- Task details
Beginning with the line that has "Locandina Con-air", write out each line down to the end of the records below exactly, and include no pictures.

§ §

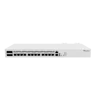 CLOUD CORE ROUTER MIKROTIK CCR2116-12G-4S+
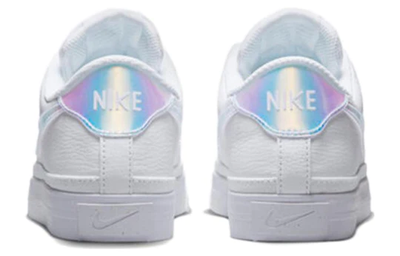 Заказать повседневные настоящие найки Кроссовки Nike Court Legacy FD0820-100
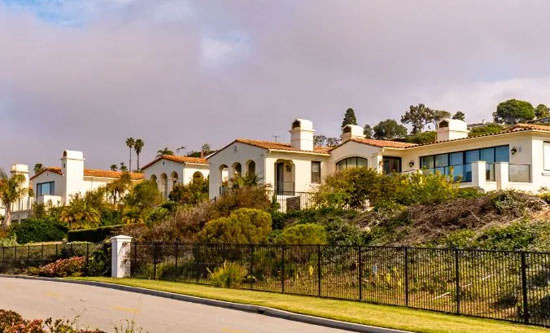 토런스, 당신에게 맞는 도시인가? 솔직한 평가 - Torrance - 1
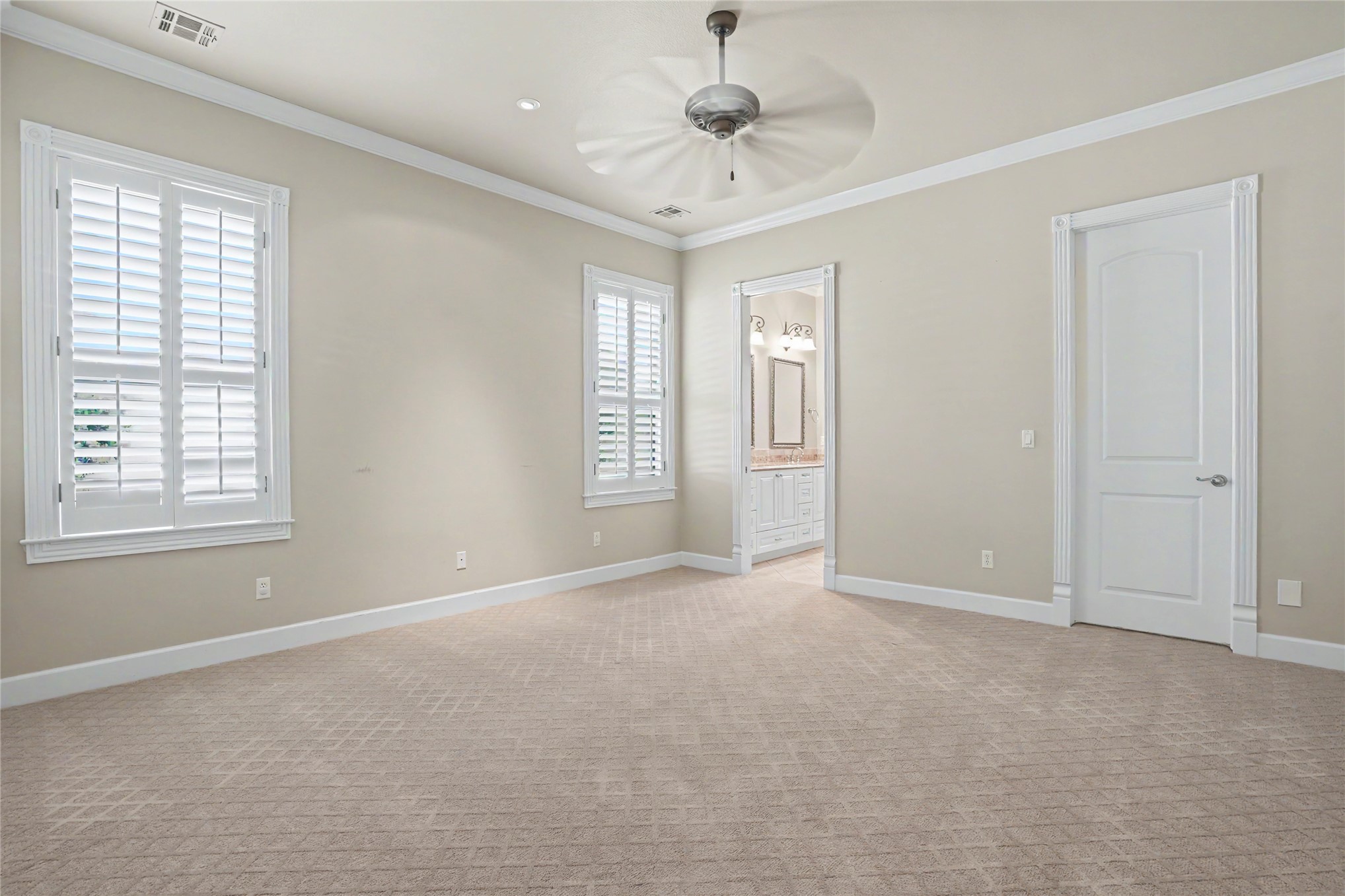 608 E Glendale Street Broken Arrow OK 74011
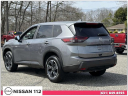 Thumbnail image of 2025 Nissan Rogue at Nissan 112 Sales Corp.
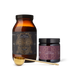 Collagen Expert Kit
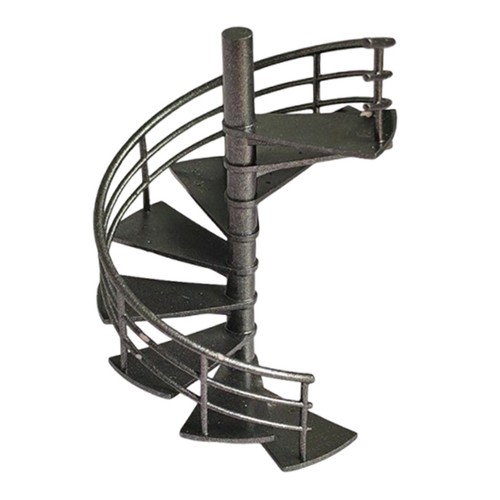 Scala modello diorama - scala,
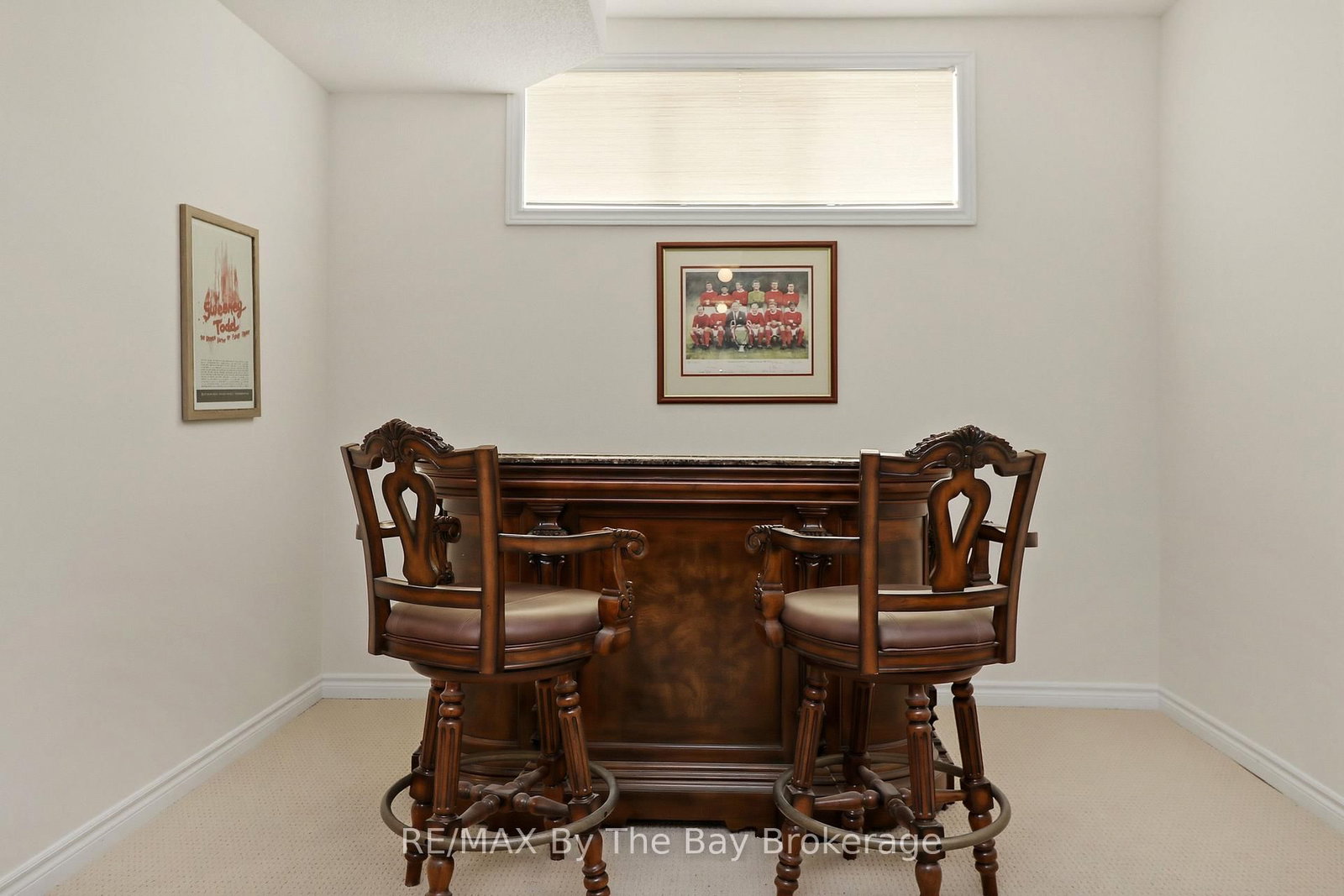 10 Basswood Drive • Wasaga Beach, ON photo 43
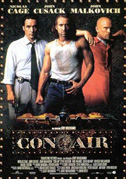 Locandina Con-air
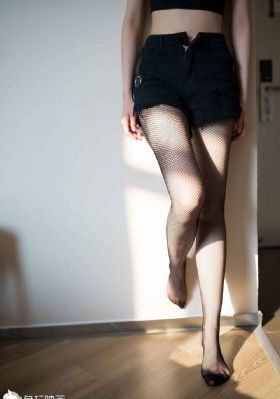 幸福三十六计电视剧全集免费观看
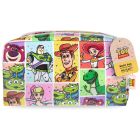 Disney toy story - sac de lavage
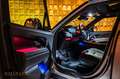 Land Rover Range Rover Sport SV P635 EDITION ONE + CERAMIC Silber - thumbnail 9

§ §

- Answer for this exercise
 Locandina Con-air
 幸福三十六计电视剧全集免费观看
 Disney toy story - sac de lavage
 Land Rover Range Rover Sport SV P635 EDITION ONE + CERAMIC Silber - thumbnail 9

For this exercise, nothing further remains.